What you need to do: From the listing below, retype exactly the line holding "Barcelona's Robert Lewandowski", the line holding "Doctor at orthopedic", and the lines between them; skip everything else.

::::

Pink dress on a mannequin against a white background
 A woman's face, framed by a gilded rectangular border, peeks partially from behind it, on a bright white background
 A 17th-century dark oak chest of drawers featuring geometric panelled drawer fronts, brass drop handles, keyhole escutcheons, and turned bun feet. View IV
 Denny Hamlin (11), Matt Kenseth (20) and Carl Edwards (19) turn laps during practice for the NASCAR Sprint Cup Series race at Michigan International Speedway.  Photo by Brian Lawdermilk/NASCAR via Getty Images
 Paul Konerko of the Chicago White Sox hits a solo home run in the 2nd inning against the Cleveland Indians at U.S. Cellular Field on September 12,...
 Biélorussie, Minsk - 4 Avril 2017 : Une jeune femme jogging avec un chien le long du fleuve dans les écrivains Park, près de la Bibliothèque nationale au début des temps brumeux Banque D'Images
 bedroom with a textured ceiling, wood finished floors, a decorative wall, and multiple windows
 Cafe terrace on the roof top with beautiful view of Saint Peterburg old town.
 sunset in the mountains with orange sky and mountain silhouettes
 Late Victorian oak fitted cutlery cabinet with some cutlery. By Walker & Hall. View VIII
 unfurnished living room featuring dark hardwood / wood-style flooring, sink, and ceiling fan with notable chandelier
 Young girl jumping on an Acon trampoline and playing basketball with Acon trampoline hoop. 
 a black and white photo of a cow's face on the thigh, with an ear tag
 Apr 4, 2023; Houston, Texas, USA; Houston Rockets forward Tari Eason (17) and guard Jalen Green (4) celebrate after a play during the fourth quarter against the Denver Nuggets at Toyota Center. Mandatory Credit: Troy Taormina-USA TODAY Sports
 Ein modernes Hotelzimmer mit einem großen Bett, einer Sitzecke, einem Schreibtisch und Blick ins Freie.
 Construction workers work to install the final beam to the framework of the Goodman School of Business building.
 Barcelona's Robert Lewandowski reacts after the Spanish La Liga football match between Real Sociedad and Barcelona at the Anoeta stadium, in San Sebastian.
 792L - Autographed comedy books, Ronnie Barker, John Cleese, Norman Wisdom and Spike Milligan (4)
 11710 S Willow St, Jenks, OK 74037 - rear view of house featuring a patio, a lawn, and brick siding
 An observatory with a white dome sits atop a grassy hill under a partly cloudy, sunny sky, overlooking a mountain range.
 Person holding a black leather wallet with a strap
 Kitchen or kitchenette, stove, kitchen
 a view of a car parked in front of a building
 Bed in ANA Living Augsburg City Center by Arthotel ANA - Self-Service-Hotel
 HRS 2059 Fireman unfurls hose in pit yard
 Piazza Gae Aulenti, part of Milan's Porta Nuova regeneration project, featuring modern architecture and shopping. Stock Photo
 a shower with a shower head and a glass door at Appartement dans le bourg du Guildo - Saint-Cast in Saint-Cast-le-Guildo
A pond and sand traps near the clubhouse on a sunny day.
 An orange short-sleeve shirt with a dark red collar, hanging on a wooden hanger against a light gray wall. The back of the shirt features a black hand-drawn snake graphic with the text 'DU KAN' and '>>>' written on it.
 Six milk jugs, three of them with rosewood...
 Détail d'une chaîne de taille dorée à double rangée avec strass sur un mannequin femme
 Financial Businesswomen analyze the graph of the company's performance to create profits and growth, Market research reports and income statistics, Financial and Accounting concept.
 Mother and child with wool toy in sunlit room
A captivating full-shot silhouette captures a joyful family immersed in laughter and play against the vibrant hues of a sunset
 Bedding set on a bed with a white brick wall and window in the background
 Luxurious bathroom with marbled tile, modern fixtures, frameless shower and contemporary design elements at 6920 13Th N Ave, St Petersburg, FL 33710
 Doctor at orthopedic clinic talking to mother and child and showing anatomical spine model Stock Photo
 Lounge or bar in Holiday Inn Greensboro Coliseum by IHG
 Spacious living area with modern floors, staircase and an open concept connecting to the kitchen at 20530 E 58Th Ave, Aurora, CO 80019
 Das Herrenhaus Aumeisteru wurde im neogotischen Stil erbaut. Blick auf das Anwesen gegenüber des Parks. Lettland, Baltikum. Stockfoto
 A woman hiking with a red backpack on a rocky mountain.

::::

Response box:
 Barcelona's Robert Lewandowski reacts after the Spanish La Liga football match between Real Sociedad and Barcelona at the Anoeta stadium, in San Sebastian.
 792L - Autographed comedy books, Ronnie Barker, John Cleese, Norman Wisdom and Spike Milligan (4)
 11710 S Willow St, Jenks, OK 74037 - rear view of house featuring a patio, a lawn, and brick siding
 An observatory with a white dome sits atop a grassy hill under a partly cloudy, sunny sky, overlooking a mountain range.
 Person holding a black leather wallet with a strap
 Kitchen or kitchenette, stove, kitchen
 a view of a car parked in front of a building
 Bed in ANA Living Augsburg City Center by Arthotel ANA - Self-Service-Hotel
 HRS 2059 Fireman unfurls hose in pit yard
 Piazza Gae Aulenti, part of Milan's Porta Nuova regeneration project, featuring modern architecture and shopping. Stock Photo
 a shower with a shower head and a glass door at Appartement dans le bourg du Guildo - Saint-Cast in Saint-Cast-le-Guildo
A pond and sand traps near the clubhouse on a sunny day.
 An orange short-sleeve shirt with a dark red collar, hanging on a wooden hanger against a light gray wall. The back of the shirt features a black hand-drawn snake graphic with the text 'DU KAN' and '>>>' written on it.
 Six milk jugs, three of them with rosewood...
 Détail d'une chaîne de taille dorée à double rangée avec strass sur un mannequin femme
 Financial Businesswomen analyze the graph of the company's performance to create profits and growth, Market research reports and income statistics, Financial and Accounting concept.
 Mother and child with wool toy in sunlit room
A captivating full-shot silhouette captures a joyful family immersed in laughter and play against the vibrant hues of a sunset
 Bedding set on a bed with a white brick wall and window in the background
 Luxurious bathroom with marbled tile, modern fixtures, frameless shower and contemporary design elements at 6920 13Th N Ave, St Petersburg, FL 33710
 Doctor at orthopedic clinic talking to mother and child and showing anatomical spine model Stock Photo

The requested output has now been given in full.